🤖 AI Summary
To address the real-time and accuracy bottlenecks in detecting small objects within 4K omnidirectional images—caused by severe geometric distortion, ultra-high resolution, and wide field-of-view—this paper proposes a lightweight and efficient detection framework. Methodologically, it introduces a P2 multi-scale detection head to enhance sensitivity to small objects, adopts GhostConv as a lightweight backbone to significantly reduce parameter count while preserving representational capacity, and integrates multi-scale features—including the P2 layer—into a YOLO-based architecture with an optimized inference pipeline. Furthermore, we establish CVIP360, the first open-source benchmark for 4K omnidirectional object detection, comprising 6,876 frames with precise bounding-box annotations.
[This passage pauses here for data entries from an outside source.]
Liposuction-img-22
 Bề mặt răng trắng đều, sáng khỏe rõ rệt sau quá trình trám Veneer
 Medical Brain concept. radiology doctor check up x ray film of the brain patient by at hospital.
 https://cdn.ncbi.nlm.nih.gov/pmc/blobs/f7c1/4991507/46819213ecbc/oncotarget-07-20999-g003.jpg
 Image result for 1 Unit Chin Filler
Experiments demonstrate that our method achieves 0.95 mAP@0.5IoU on 4K panoramic images, with a single-frame inference latency of only 28.3 ms—75% faster and 4.2 percentage points higher in mAP than YOLOv11—thereby delivering both state-of-the-art performance and practical deployability.
📝 Abstract
The processing of omnidirectional 360-degree images poses significant challenges for object detection due to inherent spatial distortions, wide fields of view, and ultra-high-resolution inputs. Conventional detectors such as YOLO are optimised for standard image sizes (for example, 640x640 pixels) and often struggle with the computational demands of 4K or higher-resolution imagery typical of 360-degree vision. To address these limitations, we introduce YOLO11-4K, an efficient real-time detection framework tailored for 4K panoramic images. The architecture incorporates a novel multi-scale detection head with a P2 layer to improve sensitivity to small objects often missed at coarser scales, and a GhostConv-based backbone to reduce computational complexity without sacrificing representational power. To enable evaluation, we manually annotated the CVIP360 dataset, generating 6,876 frame-level bounding boxes and producing a publicly available, detection-ready benchmark for 4K panoramic scenes. YOLO11-4K achieves 0.95 mAP at 0.50 IoU with 28.3 milliseconds inference per frame, representing a 75 percent latency reduction compared to YOLO11 (112.3 milliseconds), while also improving accuracy (mAP at 0.50 of 0.95 versus 0.908). This balance of efficiency and precision enables robust object detection in expansive 360-degree environments, making the framework suitable for real-world high-resolution panoramic applications. While this work focuses on 4K omnidirectional images, the approach is broadly applicable to high-resolution detection tasks in autonomous navigation, surveillance, and augmented reality.